In 1977, at the age of 25, petitioner murdered his stepfather, apparently at the instigation of his mother. He was not apprehended for 13 years. In the interim, he was convicted of four crimes, none involving violence. When apprehended for the murder, he confessed to the crime and was convicted of felony murder, receiving a sentence of life in prison. At the time, the Multnomah County Deputy District Attorney who prosecuted petitioner recommended to the board that, despite petitioner's extensive criminal history, he should be released after serving only 12 years. The prosecutor cited several mitigating factors, including that petitioner had accepted responsibility prior to his arrest, had voluntarily confessed 13 years after committing the offense, had stipulated to the facts of the case, had waived his right to a jury trial, and had committed the offense at the instigation of his mother. The prosecutor also noted that the victim's family did not object to the recommendation. The judge who conducted the trial joined in the recommendation. See generally Castro v. Maass, 139 Or App 69, 71, 910 P2d 1156 (1996) (explaining petitioner's sentence). The board set petitioner's parole release date for February 27, 2006, thus establishing a minimum incarceration period of 15 1/2 years.

In August 2005, the board held an exit interview with petitioner as authorized under ORS 144.125(1)(1) The record shows (and the board does not dispute) that, at the time of the interview and for at least the immediately preceding 11 years, petitioner had been an exemplary inmate. At the interview, in response to questions regarding his motivation in committing the offense, petitioner stated that his "main" motivation had been financial: his mother had promised to pay a debt that petitioner owed in exchange for him killing the victim. Petitioner also cited as motivation his "drug-induced state of mind" and his mother's statement to him that the victim had sexually molested his sisters. In the letter he submitted to the board for use at the interview, petitioner wrote, "I allowed my [m]other to tell me that [the victim] had done something wrong, and that I could eliminate the financial problems I had by committing this crime. In a drug induced state of mind I agreed[.]" In that letter, he also expressed remorse and extended an apology to the victim and to the victim's family, writing, "It took me many years before I was able to stand up and take full responsibility for what I've done and today I realize the harm I've done. At no time do I ever want to minimize the seriousness of this crime."

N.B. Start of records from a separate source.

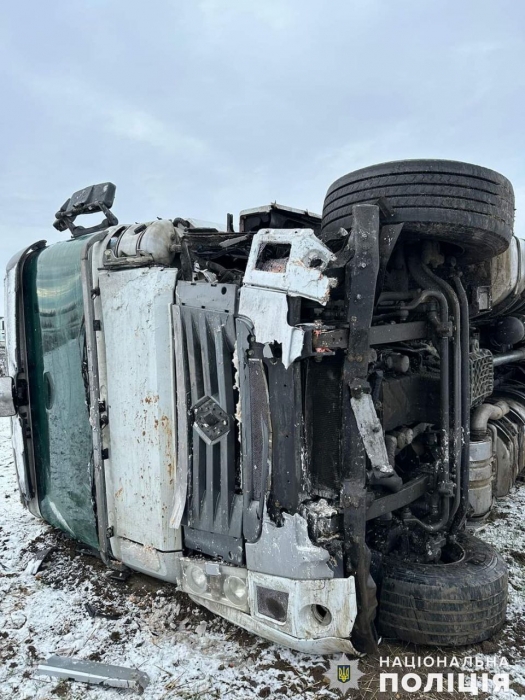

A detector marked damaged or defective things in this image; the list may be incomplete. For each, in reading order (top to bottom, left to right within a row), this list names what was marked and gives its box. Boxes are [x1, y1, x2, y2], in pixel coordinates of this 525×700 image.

torn metal panel [243, 228, 336, 302]
overturned truck [4, 161, 520, 652]
torn metal panel [350, 388, 390, 476]
torn metal panel [245, 516, 332, 580]
torn metal panel [35, 652, 149, 692]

Petitioner's letter to the board, no part of which is disputed by the board, also outlined his completion of various programs (drug and alcohol treatment, anger management, "Breaking Barriers," "Pathfinders," conflict resolution training); involvement with Alcoholics Anonymous and Narcotics Anonymous; participation in community outreach organizations, one of which he co-founded (Los Hermanos, a public safety and crime prevention project for adjudicated and "high-risk" youth); and membership in several Oregon State Penitentiary (OSP) clubs and organizations (Chicano Culture Club, 7 Step Foundation, Athletic Club, Lifers Club, Wish Program).

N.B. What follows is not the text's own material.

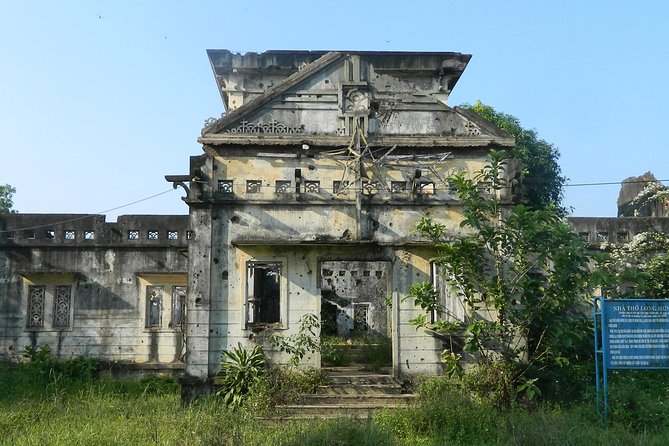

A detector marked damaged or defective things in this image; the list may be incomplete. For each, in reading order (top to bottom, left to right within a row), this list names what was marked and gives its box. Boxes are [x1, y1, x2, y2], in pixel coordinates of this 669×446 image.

broken window frame [245, 260, 288, 330]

The board also considered several letters in support of petitioner's release, including those from the executive director of Los Hermanos; two Western Oregon University professors with whom petitioner had worked to develop, among other things, a program of English instruction for Spanish-speaking inmates; a drunk-driving accident survivor who had shared his story several times with OSP's Chicano Culture Club, of which petitioner was president from 1997 to 2002; the Western Prison Project's executive director, who had met petitioner through his involvement in several OSP organizations and recovery groups; petitioner's wife, who is an employee of a state agency (Adult and Family Services) and who owns a home in Salem; and petitioner's own psychologist at OSP, with whom petitioner had worked for eight years. Those letters described petitioner as a "leader" and "positive role model" for other prisoners and agree that he had successfully engaged the resources available to him at OSP to "not only change his former behavior, but also to make a positive contribution to society while still an inmate." (Letter of Dr. Maureen Dolan, Professor of Sociology, Western Oregon University.)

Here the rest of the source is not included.